Task directions → Work out how many lines in the entries below include the word "iPhone", and give only that figure.

[Records from a data collection]
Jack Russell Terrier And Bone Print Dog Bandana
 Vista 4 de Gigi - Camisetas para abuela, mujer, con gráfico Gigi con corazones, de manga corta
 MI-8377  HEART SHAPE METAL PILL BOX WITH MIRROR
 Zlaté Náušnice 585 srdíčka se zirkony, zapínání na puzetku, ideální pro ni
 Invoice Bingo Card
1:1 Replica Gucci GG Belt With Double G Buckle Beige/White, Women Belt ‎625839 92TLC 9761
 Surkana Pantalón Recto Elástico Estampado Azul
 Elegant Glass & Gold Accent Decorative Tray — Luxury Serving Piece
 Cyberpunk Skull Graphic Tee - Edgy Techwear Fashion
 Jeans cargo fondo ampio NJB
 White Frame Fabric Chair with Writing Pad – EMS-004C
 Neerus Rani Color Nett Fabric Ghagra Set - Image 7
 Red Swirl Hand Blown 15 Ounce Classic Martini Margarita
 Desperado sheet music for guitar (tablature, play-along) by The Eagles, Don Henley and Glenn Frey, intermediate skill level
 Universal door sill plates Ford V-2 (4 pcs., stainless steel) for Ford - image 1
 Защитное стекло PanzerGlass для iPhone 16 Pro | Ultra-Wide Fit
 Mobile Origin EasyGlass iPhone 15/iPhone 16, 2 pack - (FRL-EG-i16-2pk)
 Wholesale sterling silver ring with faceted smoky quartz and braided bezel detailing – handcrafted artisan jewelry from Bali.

Task response → 2